BIRMINGHAM, Ala. — Trent Dilfer stands in his office doorway in late July, a cheerful grin and a firm handshake obscuring the faint redness in the corners of his eyes.
College football’s most outside-the-box new hire — who isn’t lacking for name recognition thanks to his time in the NFL and on television but whose actual coaching experience is limited to four years at a small private high school in Tennessee — doesn’t reach for his coffee once as he spends the next hour and a half excitedly laying out his vision for UAB football.
The College Football Playoff graphics dotting the walls around the facility might be too subtle a nod to Dilfer’s aspirations. The 51-year-old former quarterback talks about competing for titles out in the open and at full volume — bold for a program that has forever been defined by its limitations rather than the potential of what it could be if only it controlled its own destiny, if only it had more support, if only it had better resources.
Take the previous night’s return trip from American Athletic Conference media day in Texas. Dilfer says he could have easily thought, “Damn, this would have been so much better if we could have flown private.” They could have had an extra staff meeting, but no. “I was on an American Airlines flight with my players, sitting in TSA while [USF coach Alex Golesh] is on a private jet.
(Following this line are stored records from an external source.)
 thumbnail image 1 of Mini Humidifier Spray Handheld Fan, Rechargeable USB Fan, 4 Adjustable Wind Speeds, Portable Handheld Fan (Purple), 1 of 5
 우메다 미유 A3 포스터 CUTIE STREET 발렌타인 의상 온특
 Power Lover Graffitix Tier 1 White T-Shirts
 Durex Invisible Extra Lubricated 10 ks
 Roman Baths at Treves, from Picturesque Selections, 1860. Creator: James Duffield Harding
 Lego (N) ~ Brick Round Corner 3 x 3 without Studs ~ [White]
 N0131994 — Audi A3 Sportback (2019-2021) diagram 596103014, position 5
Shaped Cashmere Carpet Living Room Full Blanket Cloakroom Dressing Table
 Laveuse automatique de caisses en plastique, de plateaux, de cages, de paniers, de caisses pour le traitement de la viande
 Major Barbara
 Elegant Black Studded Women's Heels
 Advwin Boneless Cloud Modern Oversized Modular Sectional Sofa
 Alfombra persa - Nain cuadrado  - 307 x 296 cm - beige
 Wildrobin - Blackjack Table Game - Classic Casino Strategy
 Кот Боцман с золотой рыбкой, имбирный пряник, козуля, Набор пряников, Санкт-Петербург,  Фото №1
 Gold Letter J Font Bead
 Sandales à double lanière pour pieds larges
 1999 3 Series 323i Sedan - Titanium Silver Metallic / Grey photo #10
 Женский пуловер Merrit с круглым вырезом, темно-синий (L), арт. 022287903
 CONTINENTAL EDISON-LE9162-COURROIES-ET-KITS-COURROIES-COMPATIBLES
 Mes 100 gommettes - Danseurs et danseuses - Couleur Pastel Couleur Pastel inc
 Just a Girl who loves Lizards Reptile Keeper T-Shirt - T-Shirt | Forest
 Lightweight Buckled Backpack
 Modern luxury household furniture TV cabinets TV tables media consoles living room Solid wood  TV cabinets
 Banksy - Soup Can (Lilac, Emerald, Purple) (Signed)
I don’t give a s—. I’m here this morning. I got two hours sleep. No big deal. We’re going to crush it!”
Dilfer brings up Golesh’s transportation advantage again later and turns to his communications director. “He’s keeping track of all that stuff,” he says. All the little inequities. All the perceived slights they’ll remind players of during camp. Dilfer feeds off the stuff. It’s the essence of his origin story — how a kid from California’s Central Coast ended up going to Fresno State rather than USC or UCLA, how he went from first-round flop to Super Bowl champion.
He has a sign on his door that doubles as a staff mantra: “UAB football. No problems … only solutions!”
All Dilfer sees, for better or worse, are opportunities.
So when he heard nearly every coach stand up at AAC media day and complain about the impact of NIL and the transfer portal, he smiled. It was a reminder that his staff’s inexperience might double as its superpower. Let all those other coaches remain hopelessly in love with what college football used to be, Dilfer says. He and his assistants don’t know anything other than today’s turbulent landscape — “and that’s an advantage.”‘
“I love the challenges because with challenges come solutions,” Dilfer says. “How do you compete against a collective of $16 million when you have $100,000? We’re going to find a way. I’m not going to b—- about it. I’m not going to magically raise $16 million or $6 million. I don’t know if I’m going to raise $600,000. But we’re going to find ways to win.”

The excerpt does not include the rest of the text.